**YOUR ASSIGNMENT**
Each line from the one that holds "3113 7th Avenue" to the end of the entries is to be given again exactly. Do not include pictures.

[Brief descriptive captions]
= = =

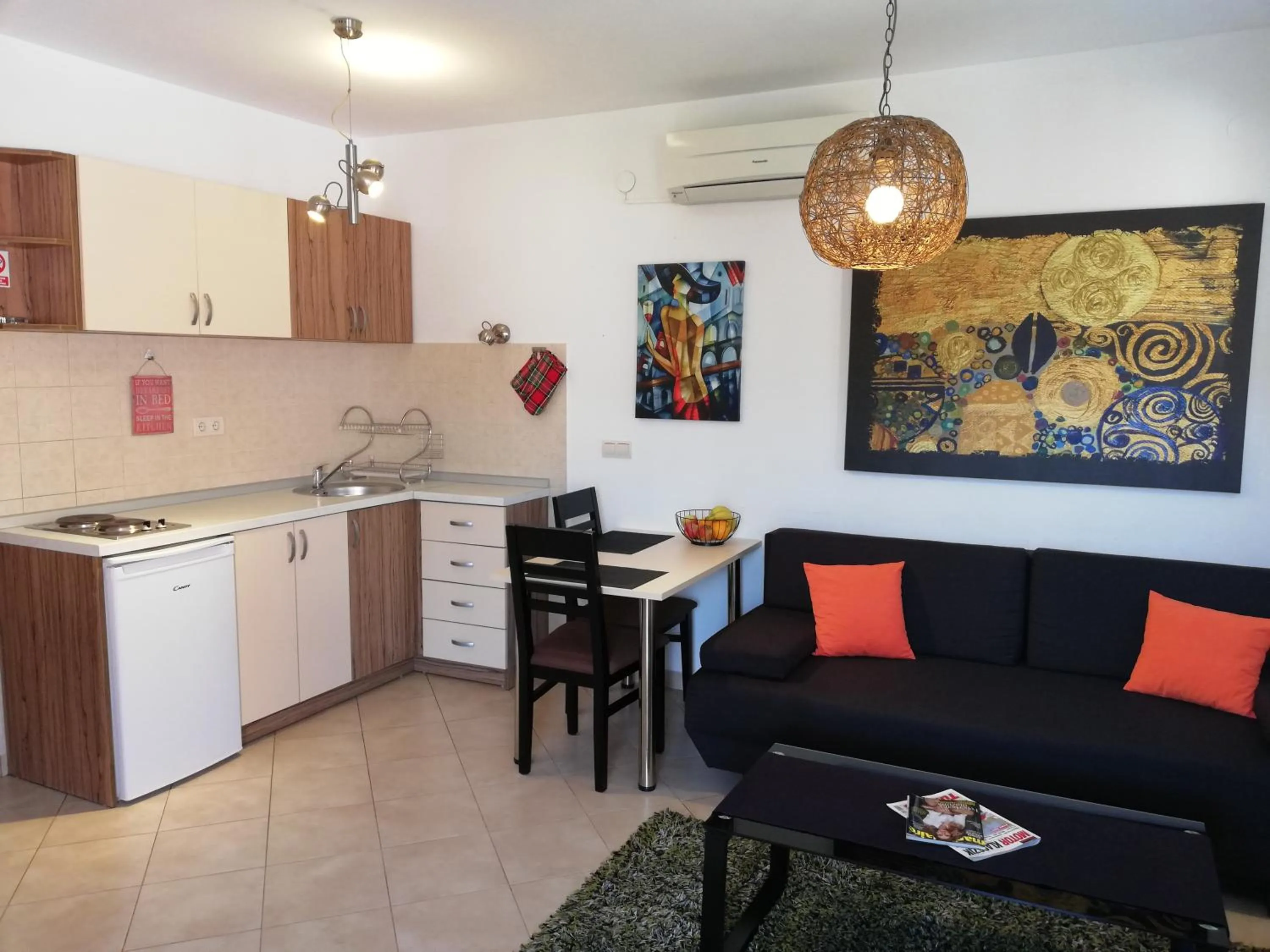 Kitchen or kitchenette in Dubrovnik Summer Apartments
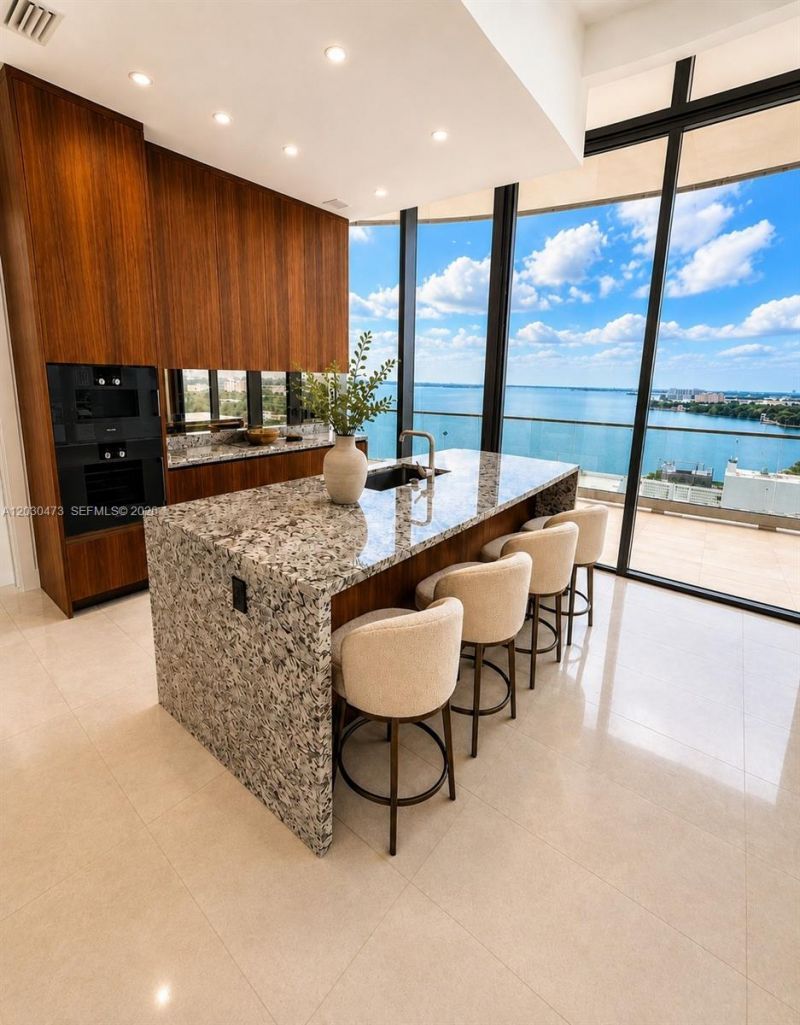 175 SE 25th Rd, Unit 1503, Miami, FL 33129 Photo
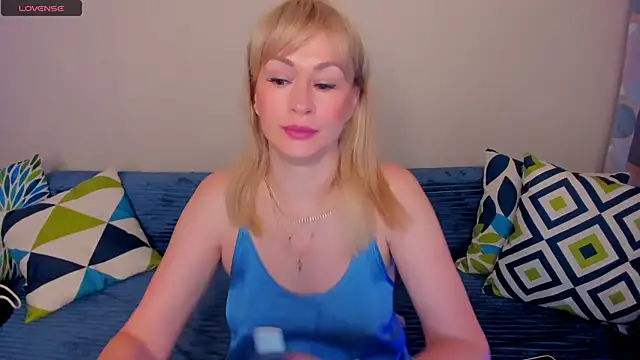 Snapshot of EllenMoore chatting on 07.29.26 EllenMoore online show from 07.29.26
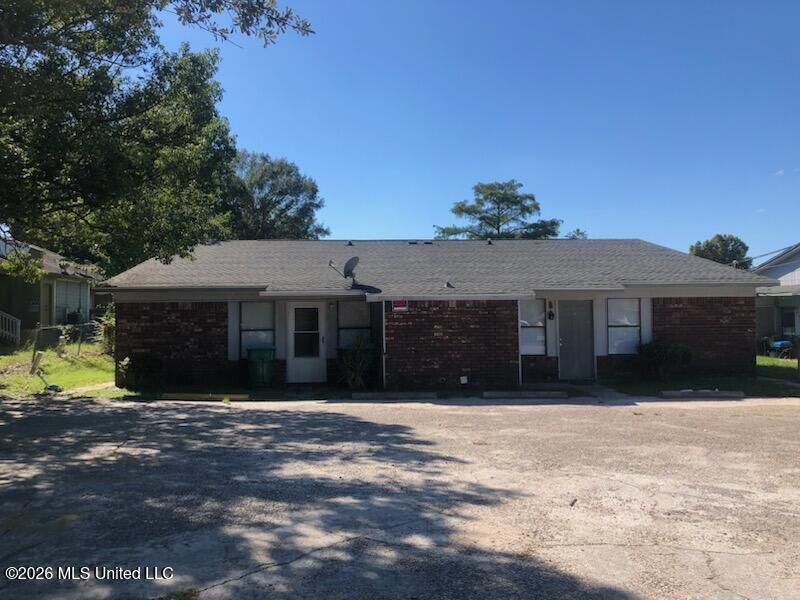 Property Photo:  3113 7th Avenue  MS 39501 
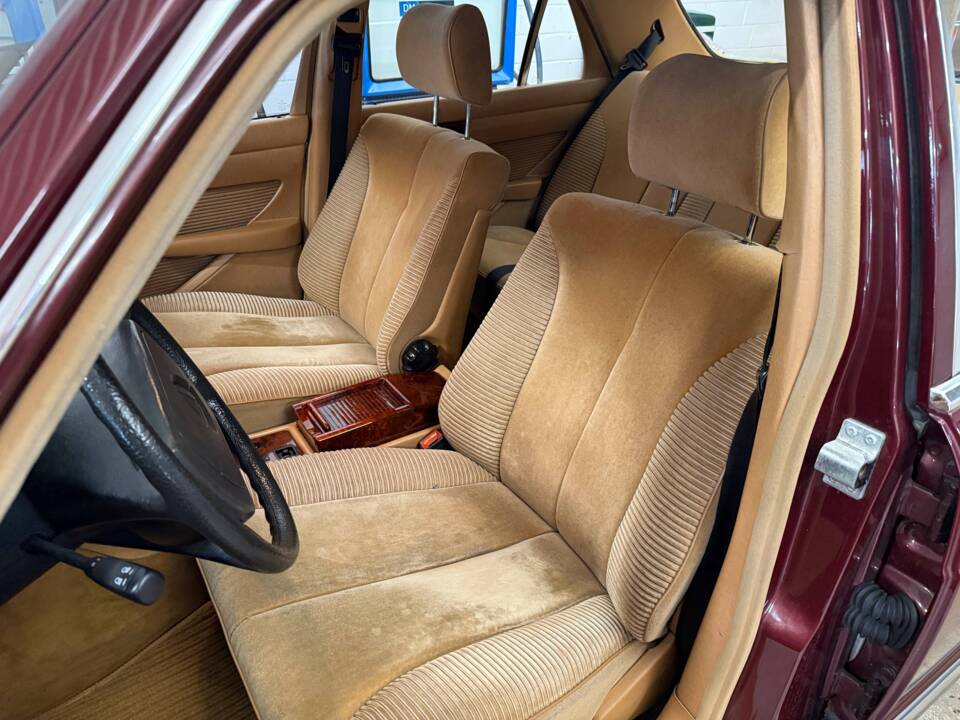 Image 8/18 of Mercedes-Benz 500 SE (1985)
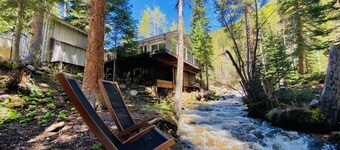 Forest-Nestled Creekfront Cabin, Fireplace & Sauna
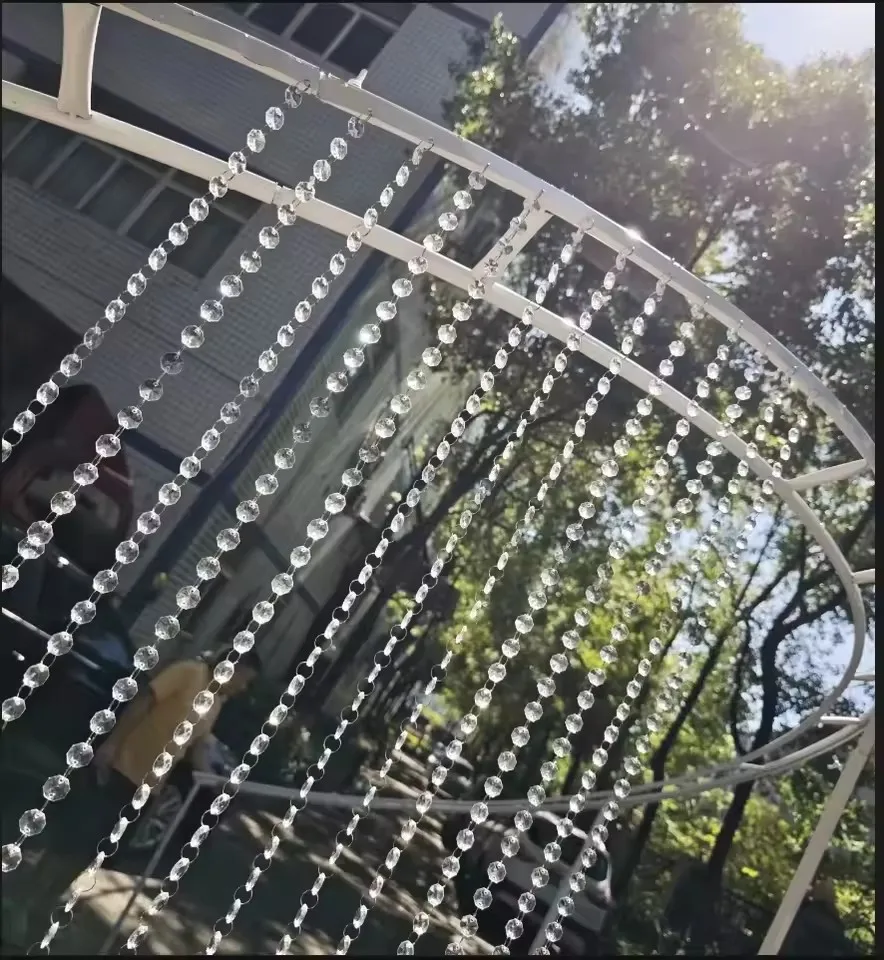 2-2,4 m höhenverstellbarer Hochzeitsbogen für den Außenbereich, gebogener Doppelring-Bühnenhintergrundständer, Blumenständer, mit 150 achteckigen Perlen – Detail 5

= = =

**OUTPUT BELOW**
 Property Photo:  3113 7th Avenue  MS 39501 
 Image 8/18 of Mercedes-Benz 500 SE (1985)
 Forest-Nestled Creekfront Cabin, Fireplace & Sauna
 2-2,4 m höhenverstellbarer Hochzeitsbogen für den Außenbereich, gebogener Doppelring-Bühnenhintergrundständer, Blumenständer, mit 150 achteckigen Perlen – Detail 5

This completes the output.